What many couples don’t think about is the financial adjustment period that comes after one spouse has passed away.
Often we hear on TV or the radio advertisements for final expense insurance which most simply understand as life insurance that pays for the funeral.
While many retirees have adequate life insurance to pay for their funeral, they often times overlook the adjustment period that the surviving spouse will go thru with a loss of monthly income that will take place.
To make this easier to understand, let’s take a look at a married couple who are in their late 60s.
Financial Adjustment Case Study
For the example we are going to say that the husband has a monthly social security check of $1,700 and his wife gets $1,200 from social security as well.
This means that this couple is accustomed to receiving just under $3,000 per month from social security each month to help cover their living expenses.
Since men typically have an average life span that is shorter than women, we are going to say that in this example the husband passes away first.
This means that his wife will receive a survivor benefit that is the greater of the two.
In this case, the husband has the greater of the two monthly social security checks, so she will start receiving his $1,700 per month, but she will now also lose the $1,200 benefit she was receiving each month prior to his death.
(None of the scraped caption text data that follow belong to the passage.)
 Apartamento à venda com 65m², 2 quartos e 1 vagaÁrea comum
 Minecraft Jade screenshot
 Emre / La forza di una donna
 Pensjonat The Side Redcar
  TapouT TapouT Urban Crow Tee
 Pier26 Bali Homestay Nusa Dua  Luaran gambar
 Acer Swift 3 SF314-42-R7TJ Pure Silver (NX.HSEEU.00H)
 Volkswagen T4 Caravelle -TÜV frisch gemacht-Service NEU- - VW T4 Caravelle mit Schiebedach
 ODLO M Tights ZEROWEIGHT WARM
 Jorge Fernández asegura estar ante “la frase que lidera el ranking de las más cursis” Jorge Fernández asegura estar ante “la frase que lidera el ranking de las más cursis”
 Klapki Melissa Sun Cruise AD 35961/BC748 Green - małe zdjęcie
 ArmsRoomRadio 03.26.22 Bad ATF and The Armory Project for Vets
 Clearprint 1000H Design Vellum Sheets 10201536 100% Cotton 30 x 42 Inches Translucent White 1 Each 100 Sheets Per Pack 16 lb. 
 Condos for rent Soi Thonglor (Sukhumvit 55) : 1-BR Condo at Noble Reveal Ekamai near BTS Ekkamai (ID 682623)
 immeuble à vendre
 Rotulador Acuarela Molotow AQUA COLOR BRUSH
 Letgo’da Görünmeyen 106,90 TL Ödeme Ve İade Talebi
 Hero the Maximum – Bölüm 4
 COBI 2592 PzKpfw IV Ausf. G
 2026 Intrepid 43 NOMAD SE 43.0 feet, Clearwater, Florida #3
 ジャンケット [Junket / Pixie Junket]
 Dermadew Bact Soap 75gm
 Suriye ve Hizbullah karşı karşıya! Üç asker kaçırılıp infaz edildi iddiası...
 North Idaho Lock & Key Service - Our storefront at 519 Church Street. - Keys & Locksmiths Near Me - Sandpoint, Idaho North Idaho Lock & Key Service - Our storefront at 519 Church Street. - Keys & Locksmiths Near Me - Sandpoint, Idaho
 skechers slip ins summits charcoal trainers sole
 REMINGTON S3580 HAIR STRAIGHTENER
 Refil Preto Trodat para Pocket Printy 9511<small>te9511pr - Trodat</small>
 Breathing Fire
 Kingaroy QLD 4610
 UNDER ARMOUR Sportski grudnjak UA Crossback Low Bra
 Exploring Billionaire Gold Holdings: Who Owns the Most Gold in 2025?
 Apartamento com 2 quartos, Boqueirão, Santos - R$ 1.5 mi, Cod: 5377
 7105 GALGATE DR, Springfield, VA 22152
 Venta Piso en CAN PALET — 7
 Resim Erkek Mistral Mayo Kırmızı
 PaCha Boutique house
In total, the surviving spouse is going to lose 41% of the total social security benefits that were coming in just before her husband passed away.
Another way to think about that number is to relate back to when you were working full time and ask yourself if you went into work one day and found out that you were immediately going to lose 41% of what you were earning each month, how would that affect you?
For the majority of us, it would be financially devastating.
This is what many of today’s retirees face without proper planning. For the men who are reading this right now, the same scenario would apply to you if in the example the wife had passed away first.
The husband would keep his $1,700 per month benefit, but would lose his wife’s $1,200 per month benefit.
With proper planning we can help couples provide a financial adjustment period that can be as short as a few months to the rest of the surviving spouse’s life.